Task objective: All lines from the first line of the material up to and including the line with "610 Elm St, Tucson, AZ 85705-6769" must be copied exactly, and no others.

Provided records:
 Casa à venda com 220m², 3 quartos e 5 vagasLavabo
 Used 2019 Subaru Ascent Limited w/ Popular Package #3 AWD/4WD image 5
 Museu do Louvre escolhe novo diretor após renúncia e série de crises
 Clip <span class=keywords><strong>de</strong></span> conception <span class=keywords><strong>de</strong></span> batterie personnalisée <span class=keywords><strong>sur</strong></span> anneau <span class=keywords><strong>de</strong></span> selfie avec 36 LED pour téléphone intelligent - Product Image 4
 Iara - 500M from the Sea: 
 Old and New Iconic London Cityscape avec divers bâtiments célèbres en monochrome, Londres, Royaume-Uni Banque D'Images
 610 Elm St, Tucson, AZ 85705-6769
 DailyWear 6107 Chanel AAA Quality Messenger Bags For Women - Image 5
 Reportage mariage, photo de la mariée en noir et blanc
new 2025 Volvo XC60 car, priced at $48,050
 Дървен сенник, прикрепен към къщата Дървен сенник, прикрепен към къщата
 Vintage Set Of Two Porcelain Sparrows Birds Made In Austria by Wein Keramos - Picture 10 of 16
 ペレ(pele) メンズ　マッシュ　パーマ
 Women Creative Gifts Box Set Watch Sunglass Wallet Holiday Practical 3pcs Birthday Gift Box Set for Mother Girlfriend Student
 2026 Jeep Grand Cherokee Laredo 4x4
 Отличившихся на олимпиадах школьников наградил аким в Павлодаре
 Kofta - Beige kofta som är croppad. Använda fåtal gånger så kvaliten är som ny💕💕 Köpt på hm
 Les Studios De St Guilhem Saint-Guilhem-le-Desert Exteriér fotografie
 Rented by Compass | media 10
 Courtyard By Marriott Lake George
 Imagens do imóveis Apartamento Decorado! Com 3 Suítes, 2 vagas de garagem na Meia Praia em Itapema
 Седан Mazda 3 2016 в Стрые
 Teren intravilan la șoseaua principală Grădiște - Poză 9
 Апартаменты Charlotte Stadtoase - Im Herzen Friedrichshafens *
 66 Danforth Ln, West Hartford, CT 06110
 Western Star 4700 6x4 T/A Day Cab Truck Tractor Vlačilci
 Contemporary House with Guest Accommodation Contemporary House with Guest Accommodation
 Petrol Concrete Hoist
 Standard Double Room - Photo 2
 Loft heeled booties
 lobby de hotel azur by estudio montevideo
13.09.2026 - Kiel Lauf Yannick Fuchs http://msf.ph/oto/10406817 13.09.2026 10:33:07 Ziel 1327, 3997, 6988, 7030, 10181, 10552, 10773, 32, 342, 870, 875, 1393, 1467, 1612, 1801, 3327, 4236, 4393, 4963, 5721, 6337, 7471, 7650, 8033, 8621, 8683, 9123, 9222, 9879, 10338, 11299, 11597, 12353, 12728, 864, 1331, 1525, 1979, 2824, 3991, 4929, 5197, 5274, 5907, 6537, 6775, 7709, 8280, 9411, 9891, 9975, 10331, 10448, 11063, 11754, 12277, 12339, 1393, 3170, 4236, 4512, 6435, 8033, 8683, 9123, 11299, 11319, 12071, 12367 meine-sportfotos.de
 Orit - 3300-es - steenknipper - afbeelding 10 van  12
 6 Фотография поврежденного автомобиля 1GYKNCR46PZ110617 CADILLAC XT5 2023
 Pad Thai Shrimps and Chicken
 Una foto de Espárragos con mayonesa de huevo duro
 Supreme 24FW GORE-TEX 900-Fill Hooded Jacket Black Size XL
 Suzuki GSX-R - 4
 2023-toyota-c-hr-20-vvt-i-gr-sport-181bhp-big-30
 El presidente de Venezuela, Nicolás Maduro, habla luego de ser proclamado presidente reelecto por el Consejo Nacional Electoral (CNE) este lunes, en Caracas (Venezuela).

Solution to the problem:
 Casa à venda com 220m², 3 quartos e 5 vagasLavabo
 Used 2019 Subaru Ascent Limited w/ Popular Package #3 AWD/4WD image 5
 Museu do Louvre escolhe novo diretor após renúncia e série de crises
 Clip <span class=keywords><strong>de</strong></span> conception <span class=keywords><strong>de</strong></span> batterie personnalisée <span class=keywords><strong>sur</strong></span> anneau <span class=keywords><strong>de</strong></span> selfie avec 36 LED pour téléphone intelligent - Product Image 4
 Iara - 500M from the Sea: 
 Old and New Iconic London Cityscape avec divers bâtiments célèbres en monochrome, Londres, Royaume-Uni Banque D'Images
 610 Elm St, Tucson, AZ 85705-6769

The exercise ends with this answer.